The Smarter Startup

Is My Startup Ready to Outsource Accounting?

Key indicators like headcount, growth stage, and fundraising plans can help you know when your startup is ready to outsource accounting.

In the early days of scaling a startup, it’s common to handle everything in-house. When you’re first starting out, financial resources are tight, administrative needs are relatively simple, and the DIY spirit is strong.

As your startup scales, however, you’ll inevitably reach points where it makes good business sense to outsource certain functions. Trying to “do it all” in-house becomes a big distraction for the founder and management team, especially as systems become increasingly complex and stakes grow higher. Accounting is a critical function at any size company, and while there is no magic formula to know when your startup is ready to outsource accounting, there are some good key indicators to look out for.

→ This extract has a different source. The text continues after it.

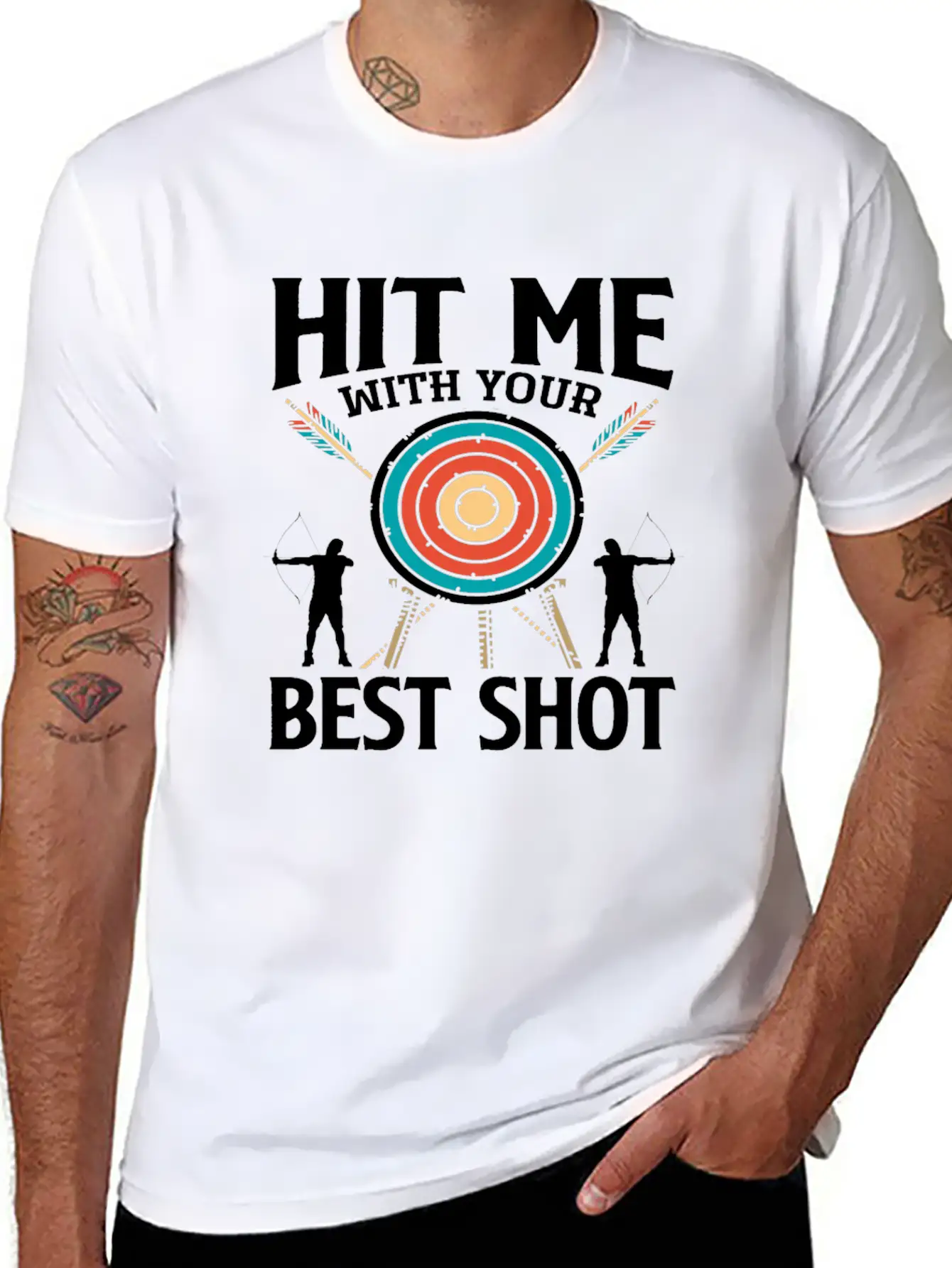 Bow Best Shot Archery Relaxed Everyday Tee – Lightweight And Durable Cotton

7 Signs Your Startup Might Be Ready to Outsource Accounting

  1. You’re preparing to raise Seed or Series A. By the time most startups reach Seed stage, their finances are complex enough that it’s time to outsource accounting. Professional accounting also provides an enormous benefit in preparation for any raise by delivering clean and accurate financial statements to prospective investors and avoiding pitfalls during due diligence. Plus, investors typically want to know that a startup’s finance and accounting functions are professionally managed before investing.
  2. Your team is growing beyond the founders and first few contractors. Many startups are ready to outsource accounting when they start to hire full-time employees, hire out-of-state contractors, and run payroll.
  3. You’re filing your first year’s corporate taxes. For some startups, the need for outsourced accounting hits home when filing the first year’s corporate tax returns. Companies that maintain accurate and up-to-date financials based on generally accepted accounting practices can expect to have a much more efficient tax filing process and avoid unpleasant tax surprises. Plus, the earlier you start tracking and claiming your R&D tax credit, the more you’ll save in payroll taxes to help with cash flow.
  4. You’re preparing for a tax audit. Bringing on professional outsourced accounting expertise is a smart move for any startup that finds itself in the position of a federal or state tax audit. Your accountant can prepare clean and accurate documentation before the audit and support you during the process. Afterward, your accountant can help with any follow-up action items and work with you to maintain proper accounting practices and clean financial statements going forward. This can reduce your chance of another audit in the near future, or, if you are audited again, increase the likelihood that it will be a quick and painless “No Change” audit.
  5. Your accounting systems are ready for an upgrade. Many startups begin with very basic accounting and finance systems—sometimes as simple as a few spreadsheets. Simple is good, and these systems can work well enough in the earliest stages, but most startups quickly outgrow them and soon need more sophisticated financial tools. When your startup is getting serious about upgrading financial systems like accounting software, ERP, payroll, and cap table management, it pays to work with experienced finance professionals. Your outsource accounting partner can help you select, configure, and maintain the best accounting tools as you scale.
  6. You’ve started finding mistakes or sloppy practices in your books. Accounting is complicated and only becomes more complex as a company grows. Most startup founders aren’t professional accountants and can’t be expected to keep up with accounting regulations and practices and get everything right as the business scales. Just like “technical debt” compounds and snowballs on software projects, “accounting debt” is likely to compound and snowball in your books.
  7. Your founding team’s time and focus are getting consumed in finance. Early on, it’s natural for a member of the founding team to manage accounting. As the company grows, however, accounting can become a big distraction, pulling the team’s time away from organizational development, product innovation, and other valuable leadership activities. If your CEO or other management team members are spending more than a few hours a week on accounting, it’s time to think seriously about bringing on an outsourced accounting partner.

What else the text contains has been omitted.